Records supplied:
******

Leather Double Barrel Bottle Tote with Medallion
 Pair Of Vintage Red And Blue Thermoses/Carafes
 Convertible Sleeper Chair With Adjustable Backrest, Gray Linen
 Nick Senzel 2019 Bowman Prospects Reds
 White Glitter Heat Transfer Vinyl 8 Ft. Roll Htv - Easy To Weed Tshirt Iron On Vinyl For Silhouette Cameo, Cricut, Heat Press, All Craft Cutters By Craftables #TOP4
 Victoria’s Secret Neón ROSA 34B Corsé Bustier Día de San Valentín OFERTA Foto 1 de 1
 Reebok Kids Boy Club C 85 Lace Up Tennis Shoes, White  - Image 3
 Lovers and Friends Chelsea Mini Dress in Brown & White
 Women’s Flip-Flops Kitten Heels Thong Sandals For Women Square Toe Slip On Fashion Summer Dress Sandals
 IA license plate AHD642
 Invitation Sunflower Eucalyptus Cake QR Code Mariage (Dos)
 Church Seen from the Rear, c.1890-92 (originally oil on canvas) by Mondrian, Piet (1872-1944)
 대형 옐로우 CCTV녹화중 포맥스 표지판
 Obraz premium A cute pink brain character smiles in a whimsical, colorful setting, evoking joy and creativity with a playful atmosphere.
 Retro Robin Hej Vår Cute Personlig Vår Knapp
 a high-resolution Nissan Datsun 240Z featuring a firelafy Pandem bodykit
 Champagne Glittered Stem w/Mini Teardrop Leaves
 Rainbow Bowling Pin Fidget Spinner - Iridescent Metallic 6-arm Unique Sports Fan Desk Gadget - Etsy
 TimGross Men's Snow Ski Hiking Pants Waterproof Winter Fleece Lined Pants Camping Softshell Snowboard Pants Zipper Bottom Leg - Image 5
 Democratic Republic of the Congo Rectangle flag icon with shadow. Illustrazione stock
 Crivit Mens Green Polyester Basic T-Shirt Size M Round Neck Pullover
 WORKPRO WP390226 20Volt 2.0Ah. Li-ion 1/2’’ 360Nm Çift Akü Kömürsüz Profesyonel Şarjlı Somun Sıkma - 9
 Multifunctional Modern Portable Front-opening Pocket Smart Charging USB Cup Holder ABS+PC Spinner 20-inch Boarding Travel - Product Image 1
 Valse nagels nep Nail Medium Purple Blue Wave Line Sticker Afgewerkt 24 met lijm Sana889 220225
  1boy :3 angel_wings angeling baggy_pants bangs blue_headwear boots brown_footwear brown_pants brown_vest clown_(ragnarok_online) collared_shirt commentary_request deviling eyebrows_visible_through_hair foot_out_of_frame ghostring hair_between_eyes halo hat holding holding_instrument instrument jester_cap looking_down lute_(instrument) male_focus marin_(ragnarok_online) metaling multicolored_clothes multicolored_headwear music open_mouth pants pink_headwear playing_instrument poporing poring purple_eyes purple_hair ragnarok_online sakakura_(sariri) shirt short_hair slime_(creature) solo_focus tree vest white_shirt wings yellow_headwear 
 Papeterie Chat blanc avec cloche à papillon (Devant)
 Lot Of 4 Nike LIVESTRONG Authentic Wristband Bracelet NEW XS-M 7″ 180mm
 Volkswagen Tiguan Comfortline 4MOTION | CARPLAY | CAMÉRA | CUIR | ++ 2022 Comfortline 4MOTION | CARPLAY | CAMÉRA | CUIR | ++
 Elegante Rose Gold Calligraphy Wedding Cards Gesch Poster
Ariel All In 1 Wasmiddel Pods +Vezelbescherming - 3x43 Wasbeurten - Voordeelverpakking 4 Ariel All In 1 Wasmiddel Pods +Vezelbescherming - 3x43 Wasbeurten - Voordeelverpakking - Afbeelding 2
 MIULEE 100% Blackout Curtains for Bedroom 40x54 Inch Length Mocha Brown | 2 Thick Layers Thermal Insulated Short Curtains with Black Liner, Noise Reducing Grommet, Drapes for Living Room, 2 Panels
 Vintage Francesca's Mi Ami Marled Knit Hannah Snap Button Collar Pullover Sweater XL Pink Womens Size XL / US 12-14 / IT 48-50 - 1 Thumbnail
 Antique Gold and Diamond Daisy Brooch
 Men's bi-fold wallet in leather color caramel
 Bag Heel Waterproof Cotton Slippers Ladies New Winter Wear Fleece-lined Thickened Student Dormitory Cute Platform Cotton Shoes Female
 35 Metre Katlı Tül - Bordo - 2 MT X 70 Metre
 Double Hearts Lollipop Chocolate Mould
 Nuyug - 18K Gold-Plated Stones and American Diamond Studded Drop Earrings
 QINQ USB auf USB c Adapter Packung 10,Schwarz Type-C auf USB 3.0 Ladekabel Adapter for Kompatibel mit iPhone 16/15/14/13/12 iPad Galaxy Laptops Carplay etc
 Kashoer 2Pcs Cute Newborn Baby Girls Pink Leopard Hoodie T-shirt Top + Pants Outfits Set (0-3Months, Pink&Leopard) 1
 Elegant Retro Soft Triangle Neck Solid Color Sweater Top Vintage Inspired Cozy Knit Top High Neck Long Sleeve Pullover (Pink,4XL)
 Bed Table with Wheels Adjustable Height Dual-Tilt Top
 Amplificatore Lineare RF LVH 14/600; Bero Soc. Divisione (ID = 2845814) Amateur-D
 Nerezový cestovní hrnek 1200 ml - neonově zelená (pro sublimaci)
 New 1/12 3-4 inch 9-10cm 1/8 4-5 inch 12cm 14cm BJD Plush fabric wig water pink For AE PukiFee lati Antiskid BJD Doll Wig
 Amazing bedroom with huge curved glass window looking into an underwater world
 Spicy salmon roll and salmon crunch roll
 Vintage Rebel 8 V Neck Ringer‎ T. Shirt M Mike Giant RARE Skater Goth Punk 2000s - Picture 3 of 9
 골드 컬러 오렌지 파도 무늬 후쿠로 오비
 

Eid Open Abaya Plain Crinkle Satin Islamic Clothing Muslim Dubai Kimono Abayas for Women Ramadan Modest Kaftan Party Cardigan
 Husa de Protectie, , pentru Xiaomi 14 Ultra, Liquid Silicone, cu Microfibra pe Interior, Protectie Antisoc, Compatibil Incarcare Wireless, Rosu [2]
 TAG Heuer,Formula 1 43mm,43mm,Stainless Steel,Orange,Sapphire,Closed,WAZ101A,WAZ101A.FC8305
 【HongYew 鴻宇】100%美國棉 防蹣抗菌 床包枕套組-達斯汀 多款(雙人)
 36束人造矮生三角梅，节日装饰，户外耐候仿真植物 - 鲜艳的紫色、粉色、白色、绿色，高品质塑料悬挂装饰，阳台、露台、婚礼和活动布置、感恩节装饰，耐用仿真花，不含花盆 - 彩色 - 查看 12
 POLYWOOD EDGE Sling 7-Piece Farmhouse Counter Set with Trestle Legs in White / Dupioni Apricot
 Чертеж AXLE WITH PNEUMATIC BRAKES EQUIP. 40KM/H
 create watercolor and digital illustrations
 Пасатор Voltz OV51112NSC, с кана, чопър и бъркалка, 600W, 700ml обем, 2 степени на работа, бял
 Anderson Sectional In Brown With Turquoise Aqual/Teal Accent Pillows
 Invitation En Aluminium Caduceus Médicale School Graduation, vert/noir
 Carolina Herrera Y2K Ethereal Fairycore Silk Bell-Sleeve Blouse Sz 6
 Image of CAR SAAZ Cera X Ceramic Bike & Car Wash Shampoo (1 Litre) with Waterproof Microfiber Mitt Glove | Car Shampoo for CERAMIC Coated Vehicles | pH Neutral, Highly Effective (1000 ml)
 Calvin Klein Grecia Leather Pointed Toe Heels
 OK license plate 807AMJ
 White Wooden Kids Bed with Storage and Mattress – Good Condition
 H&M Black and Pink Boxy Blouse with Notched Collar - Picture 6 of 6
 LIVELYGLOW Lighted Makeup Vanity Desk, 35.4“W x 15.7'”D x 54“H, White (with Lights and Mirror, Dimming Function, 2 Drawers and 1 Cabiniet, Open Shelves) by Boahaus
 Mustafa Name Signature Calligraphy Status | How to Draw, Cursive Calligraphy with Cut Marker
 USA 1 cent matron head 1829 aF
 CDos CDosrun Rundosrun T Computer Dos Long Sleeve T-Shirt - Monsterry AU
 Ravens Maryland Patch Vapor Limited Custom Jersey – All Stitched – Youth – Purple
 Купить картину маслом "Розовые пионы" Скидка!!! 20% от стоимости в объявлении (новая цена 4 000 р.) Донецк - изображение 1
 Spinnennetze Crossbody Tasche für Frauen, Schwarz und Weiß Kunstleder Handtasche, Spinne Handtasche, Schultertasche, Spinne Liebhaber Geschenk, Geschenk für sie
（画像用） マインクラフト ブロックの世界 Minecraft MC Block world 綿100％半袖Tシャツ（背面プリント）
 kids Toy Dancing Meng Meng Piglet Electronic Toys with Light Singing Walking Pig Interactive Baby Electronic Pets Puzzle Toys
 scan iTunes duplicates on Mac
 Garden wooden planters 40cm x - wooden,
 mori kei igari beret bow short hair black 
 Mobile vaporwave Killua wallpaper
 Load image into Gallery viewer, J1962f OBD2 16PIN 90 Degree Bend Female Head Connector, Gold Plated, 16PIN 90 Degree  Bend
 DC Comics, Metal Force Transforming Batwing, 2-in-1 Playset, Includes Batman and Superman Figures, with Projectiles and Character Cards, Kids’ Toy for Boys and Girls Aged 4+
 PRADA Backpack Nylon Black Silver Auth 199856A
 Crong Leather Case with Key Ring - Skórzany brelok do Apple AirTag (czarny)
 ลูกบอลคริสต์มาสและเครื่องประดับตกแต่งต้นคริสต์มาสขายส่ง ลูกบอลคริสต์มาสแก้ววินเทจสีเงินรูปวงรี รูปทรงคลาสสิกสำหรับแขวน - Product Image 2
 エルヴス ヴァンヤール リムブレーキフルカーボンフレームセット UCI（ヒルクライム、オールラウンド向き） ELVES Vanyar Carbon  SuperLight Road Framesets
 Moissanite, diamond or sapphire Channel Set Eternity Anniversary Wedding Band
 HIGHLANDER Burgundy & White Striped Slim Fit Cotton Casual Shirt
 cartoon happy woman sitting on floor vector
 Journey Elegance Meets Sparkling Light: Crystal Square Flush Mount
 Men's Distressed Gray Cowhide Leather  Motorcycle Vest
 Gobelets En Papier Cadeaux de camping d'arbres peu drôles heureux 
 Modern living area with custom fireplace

******

About this exercise:
Take each line above that contains "Wedding" and copy it out.

Response area:
 Elegante Rose Gold Calligraphy Wedding Cards Gesch Poster
 Moissanite, diamond or sapphire Channel Set Eternity Anniversary Wedding Band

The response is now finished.